» PROBLEM DETAILS: Repeat the span of the entries below that starts at the line with "Мои покупки и" and ends at the line with "2019-infiniti-q30-22d-sport-big-33", nothing more. Skip the pictures.

» RECORDS TO USE:
····················

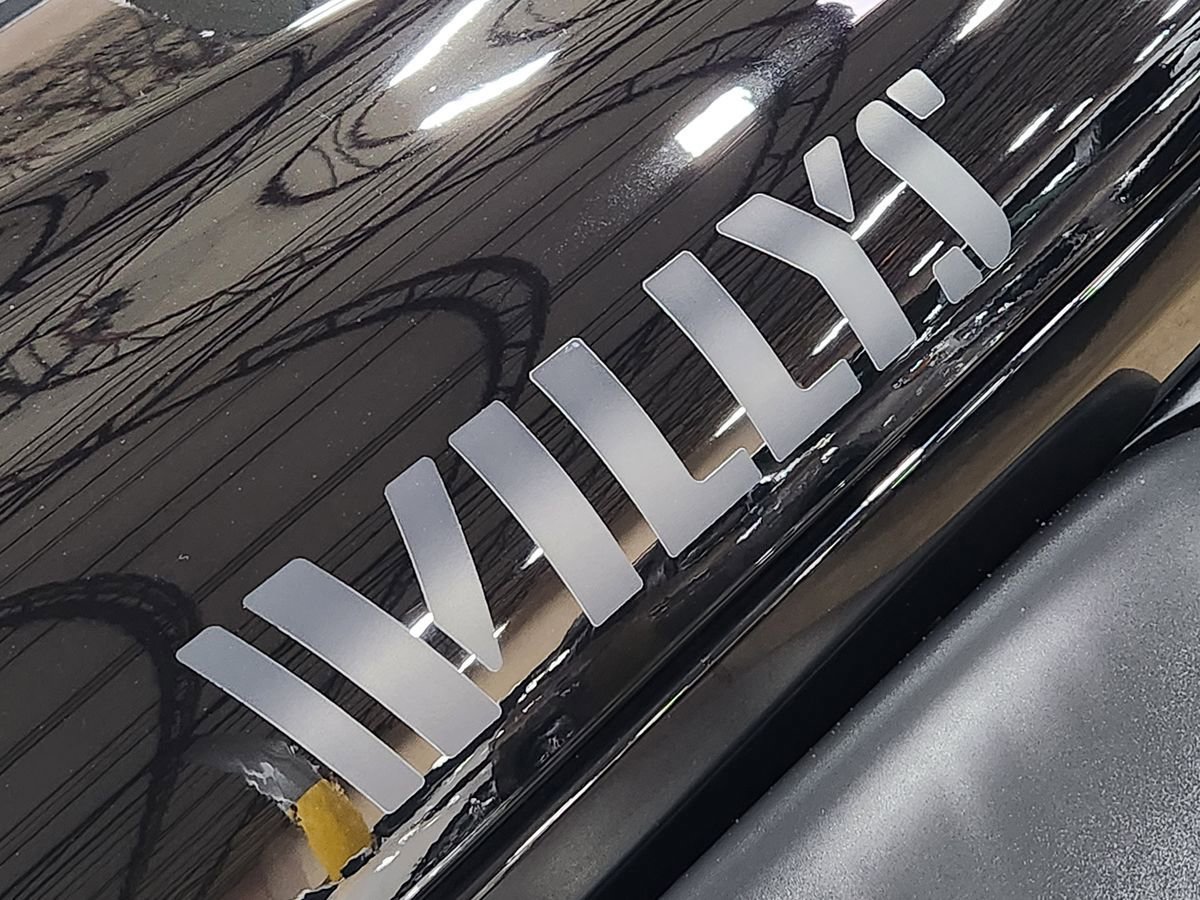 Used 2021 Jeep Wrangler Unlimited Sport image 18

····················

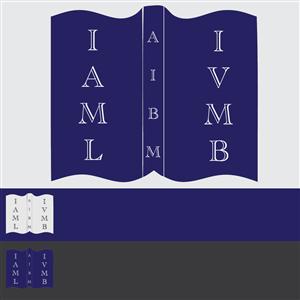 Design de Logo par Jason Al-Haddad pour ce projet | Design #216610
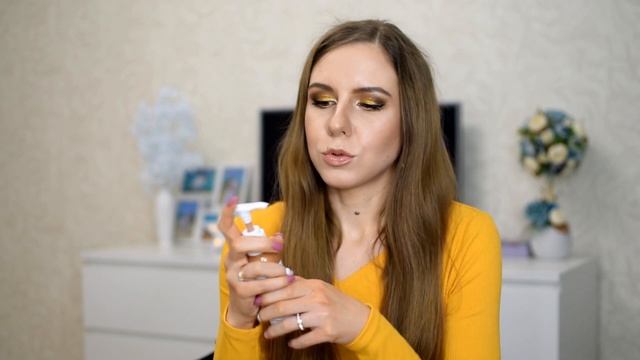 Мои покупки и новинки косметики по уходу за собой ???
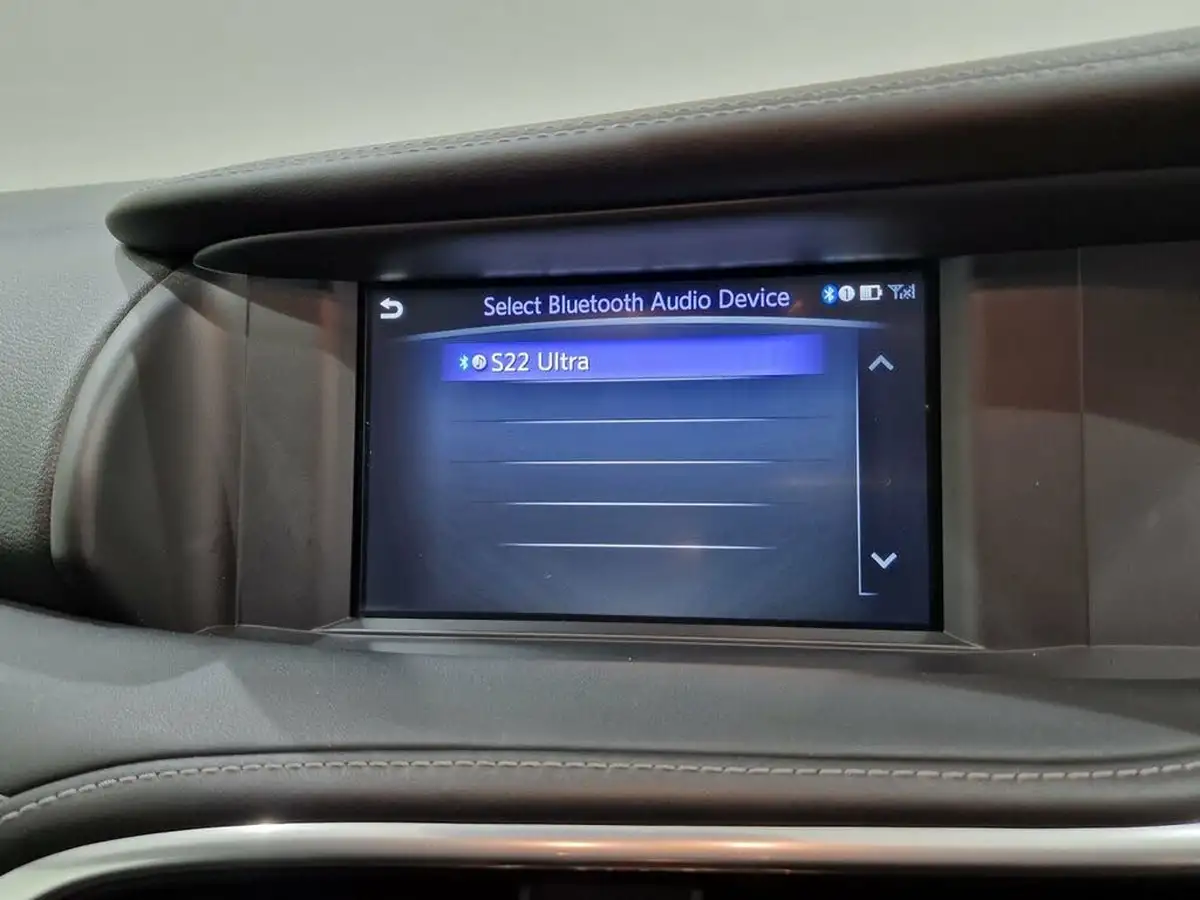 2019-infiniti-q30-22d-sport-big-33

····················

» FINAL ANSWER:
 Мои покупки и новинки косметики по уходу за собой ???
 2019-infiniti-q30-22d-sport-big-33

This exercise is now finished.